There was already little doubt that Google was aiming at Microsoft's empire, but the announcement of a Chrome OS takes the competition to a new level.
For those who missed it, Google said late Tuesday that it plans to enter the operating system game in the second half of next year with a Linux-based OS that can run on both traditional PC chips and the ARM-based chips popular in cell phones. The idea behind Chrome OS is to create an extremely lightweight operating system that boots directly to the browser, in which all applications run.
In a blog, Google lists the advantages of such an approach.
"People want to get to their email instantly, without wasting time waiting for their computers to boot and browsers to start up," Sundar Pichai, vice president of product management, and Linus Upson, engineering director, wrote in the blog. "They want their computers to always run as fast as when they first bought them. They want their data to be accessible to them wherever they are and not have to worry about losing their computer or forgetting to back up files. Even more importantly, they don't want to spend hours configuring their computers to work with every new piece of hardware, or have to worry about constant software updates."

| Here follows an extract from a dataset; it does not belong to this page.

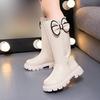 Girls High Top Winter Boots Bow Detail Slip Resistant Rubber Sole Zipper Closure Warm Fabric Lining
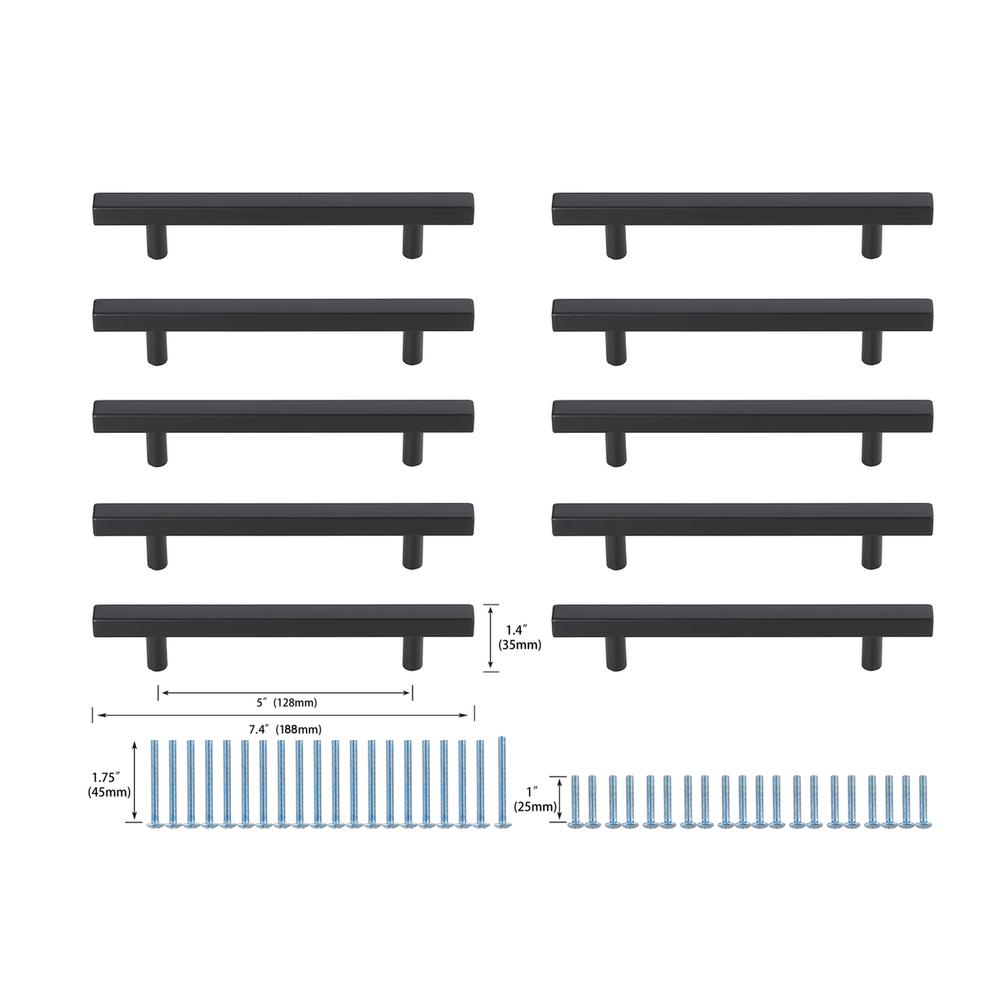 Dior 5" Center to Center Matte Black Bar Pull Multipack (set of 10). Picture 5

While it is hard to deny the appeal of those attributes, it's worth pointing out that some awfully big names have taken that approach and seen it fail.
Even on the iPhone, developers and users demanded more.

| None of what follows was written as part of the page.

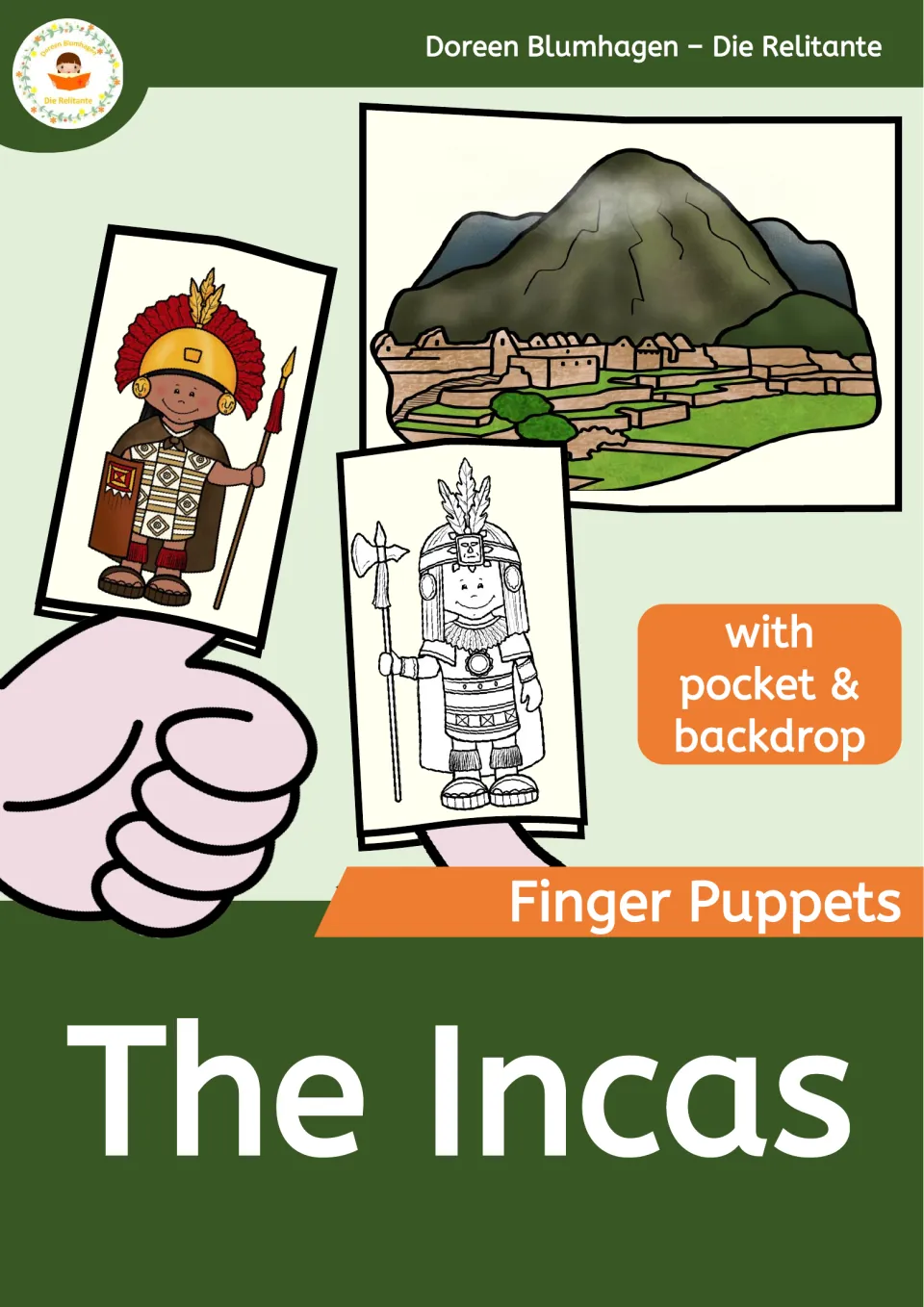 The Incas finger puppets cover by Die Relitante: Inca puppet figures and a mountain ruins scene, with pocket and backdrop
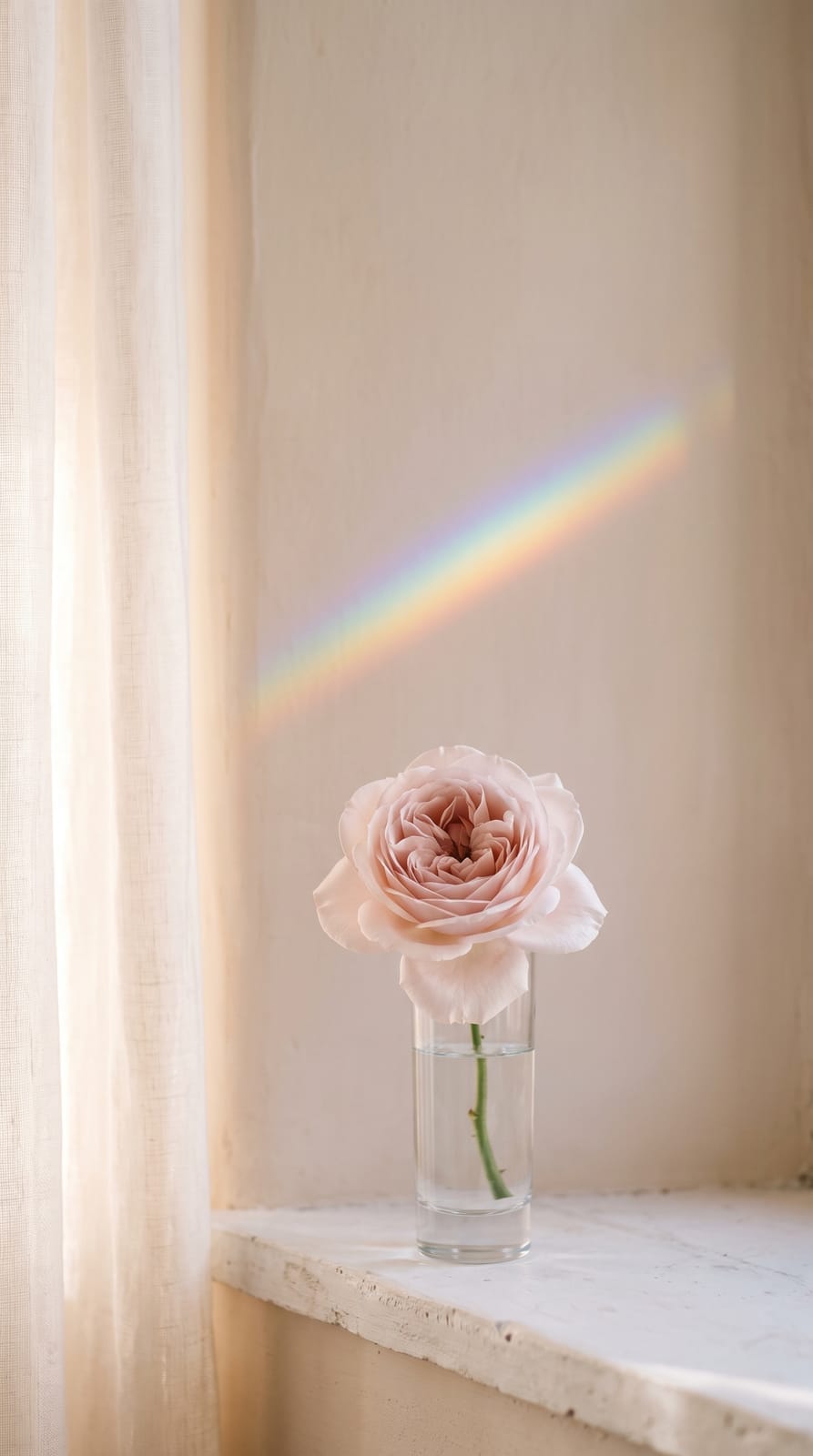 A pale blush rose in a glass of water on a stone windowsill, a small rainbow on the wall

That said, this is Google--and Google brings a considerably larger arsenal. With Google Gears, Google Native Client, and a host of other projects, Google is trying to blunt many of the browser's shortcomings, including the inability to fully tap local processing and storage.
This effort will take time, as Google itself acknowledges, but the company's full-frontal assault on Windows is definitely out in the open.
Obviously, this will be a fun one to watch. I've asked Microsoft for its take, and I hope to have more to say once I've had a chance to sleep on all this--literally.